Effects of H 2O and CO 2 addition in catalytic partial oxidation of methane on Rh

Abstract

The autothermal catalytic partial oxidation (CPO) of methane was performed at short contact times (∼8 ms) over three Rh-based catalysts: 5 wt% Rh/ α-Al 2O 3, 5 wt% Rh/2 wt% γ-Al 2O 3/ α-Al 2O 3, and 5 wt% Rh/2 wt% Ce/2 wt% γ-Al 2O 3/ α-Al 2O 3. The effects of H 2O addition (10%, 20%, and 40% of the total feed) and CO 2 addition (20% and 35%) were studied over a wide range of inlet C/O ratios (0.75–1.2) by means of the capillary sampling technique.
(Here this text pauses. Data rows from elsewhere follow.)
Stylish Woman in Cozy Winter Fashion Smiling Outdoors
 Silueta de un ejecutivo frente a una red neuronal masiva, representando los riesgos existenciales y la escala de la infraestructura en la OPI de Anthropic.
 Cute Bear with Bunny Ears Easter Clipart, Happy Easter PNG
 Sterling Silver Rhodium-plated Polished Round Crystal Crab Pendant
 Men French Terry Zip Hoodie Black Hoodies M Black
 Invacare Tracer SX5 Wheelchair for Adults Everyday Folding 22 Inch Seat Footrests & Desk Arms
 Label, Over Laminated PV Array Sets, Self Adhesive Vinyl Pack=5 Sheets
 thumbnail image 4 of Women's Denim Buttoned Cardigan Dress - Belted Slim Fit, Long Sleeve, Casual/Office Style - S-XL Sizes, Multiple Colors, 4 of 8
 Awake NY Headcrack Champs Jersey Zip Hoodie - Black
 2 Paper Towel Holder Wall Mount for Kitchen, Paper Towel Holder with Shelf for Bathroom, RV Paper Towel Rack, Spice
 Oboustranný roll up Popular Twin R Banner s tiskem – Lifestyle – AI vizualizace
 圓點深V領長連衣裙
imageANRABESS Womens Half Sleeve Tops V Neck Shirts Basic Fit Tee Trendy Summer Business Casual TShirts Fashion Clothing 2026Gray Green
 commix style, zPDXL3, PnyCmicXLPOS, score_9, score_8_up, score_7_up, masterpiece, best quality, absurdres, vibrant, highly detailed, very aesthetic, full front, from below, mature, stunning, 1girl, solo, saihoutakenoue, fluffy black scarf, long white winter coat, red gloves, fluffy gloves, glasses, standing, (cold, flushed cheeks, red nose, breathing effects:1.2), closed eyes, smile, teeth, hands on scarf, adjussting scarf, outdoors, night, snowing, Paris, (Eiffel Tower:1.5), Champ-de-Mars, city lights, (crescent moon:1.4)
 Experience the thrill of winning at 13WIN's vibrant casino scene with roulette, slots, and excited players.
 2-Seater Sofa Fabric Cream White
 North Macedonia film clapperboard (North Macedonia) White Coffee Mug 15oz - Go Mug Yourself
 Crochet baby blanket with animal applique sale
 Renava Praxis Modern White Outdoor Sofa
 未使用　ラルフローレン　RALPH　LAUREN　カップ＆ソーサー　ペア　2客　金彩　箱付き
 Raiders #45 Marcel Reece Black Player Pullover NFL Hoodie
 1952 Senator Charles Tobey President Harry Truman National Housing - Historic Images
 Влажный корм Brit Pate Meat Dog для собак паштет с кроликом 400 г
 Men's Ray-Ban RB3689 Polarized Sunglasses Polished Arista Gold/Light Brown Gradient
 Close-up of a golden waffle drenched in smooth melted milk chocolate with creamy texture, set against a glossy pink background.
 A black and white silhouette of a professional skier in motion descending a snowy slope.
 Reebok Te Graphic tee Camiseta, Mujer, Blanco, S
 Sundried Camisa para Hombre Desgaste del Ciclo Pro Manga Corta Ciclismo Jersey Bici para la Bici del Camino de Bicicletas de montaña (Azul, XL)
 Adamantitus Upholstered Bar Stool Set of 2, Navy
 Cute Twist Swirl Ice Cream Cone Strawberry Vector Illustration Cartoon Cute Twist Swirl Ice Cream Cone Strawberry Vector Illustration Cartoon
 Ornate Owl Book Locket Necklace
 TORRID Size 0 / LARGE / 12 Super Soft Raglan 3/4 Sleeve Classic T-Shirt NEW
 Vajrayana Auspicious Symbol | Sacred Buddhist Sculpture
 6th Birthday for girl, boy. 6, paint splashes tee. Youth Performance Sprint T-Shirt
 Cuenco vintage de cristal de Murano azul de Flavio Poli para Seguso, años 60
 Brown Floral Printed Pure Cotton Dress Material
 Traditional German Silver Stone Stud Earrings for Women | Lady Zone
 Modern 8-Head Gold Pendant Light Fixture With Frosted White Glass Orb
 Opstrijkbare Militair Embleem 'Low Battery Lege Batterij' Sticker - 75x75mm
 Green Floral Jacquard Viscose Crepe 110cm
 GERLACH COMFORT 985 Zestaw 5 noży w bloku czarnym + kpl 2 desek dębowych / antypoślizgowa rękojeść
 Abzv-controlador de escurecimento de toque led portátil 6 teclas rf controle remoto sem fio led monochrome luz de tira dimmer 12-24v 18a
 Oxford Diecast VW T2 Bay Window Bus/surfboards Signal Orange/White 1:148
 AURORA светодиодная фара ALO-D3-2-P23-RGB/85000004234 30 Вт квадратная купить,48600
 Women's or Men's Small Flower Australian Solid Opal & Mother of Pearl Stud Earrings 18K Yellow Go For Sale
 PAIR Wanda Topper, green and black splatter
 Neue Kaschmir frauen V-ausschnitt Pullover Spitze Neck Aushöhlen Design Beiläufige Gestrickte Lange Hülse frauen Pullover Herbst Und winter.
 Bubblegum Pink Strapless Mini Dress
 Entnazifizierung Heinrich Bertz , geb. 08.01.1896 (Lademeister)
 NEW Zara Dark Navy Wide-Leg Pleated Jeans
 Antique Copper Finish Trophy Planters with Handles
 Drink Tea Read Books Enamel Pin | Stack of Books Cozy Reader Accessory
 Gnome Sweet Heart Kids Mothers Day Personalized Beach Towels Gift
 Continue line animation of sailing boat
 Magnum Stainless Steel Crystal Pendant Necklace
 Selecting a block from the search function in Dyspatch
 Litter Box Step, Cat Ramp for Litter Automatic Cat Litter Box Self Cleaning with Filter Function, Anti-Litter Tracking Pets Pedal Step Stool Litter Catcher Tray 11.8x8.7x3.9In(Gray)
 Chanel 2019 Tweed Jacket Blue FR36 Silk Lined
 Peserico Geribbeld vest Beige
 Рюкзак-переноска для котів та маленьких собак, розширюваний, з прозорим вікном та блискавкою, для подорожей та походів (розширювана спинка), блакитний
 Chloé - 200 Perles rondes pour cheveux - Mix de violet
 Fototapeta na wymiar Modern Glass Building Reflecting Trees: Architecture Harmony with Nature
Over Rh/ α-Al 2O 3 samples, spatially resolved concentration profiles revealed that the rate of CH 4 reforming is independent of the concentration of H 2O and CO 2. Differences in the product distribution followed the behavior expected from water gas shift (WGS) chemistry: in H 2O-rich tests, the production of H 2 and CO 2 increased at the expense of H 2O and CO, while the opposite was observed in CO 2-rich tests. CPO experiments with a simultaneous feed of H 2O and CO 2 (40% H 2O, 20% CO 2, 20% CH 4, C/O = 1) provided direct evidence that H 2O is the preferential co-reactant of CH 4 in reforming and that CO 2 reforming is absent. Addition of a γ-Al 2O 3 washcoat to the catalyst significantly enhanced the rate of steam reforming while revealing the limits of Rh WGS activity. Products were equilibrated for nearly all cases examined over the Ce-promoted catalyst, indicating that WGS kinetics, either forward or reverse, have an important role in the CPO mechanism, particularly with H 2O and CO 2 co-feed. The experimental results clearly illustrate the flexible nature of CPO process. They show that the H 2/CO can be varied within a wide range of values in a one-step process, and syngas production is sustainable under highly diluted conditions.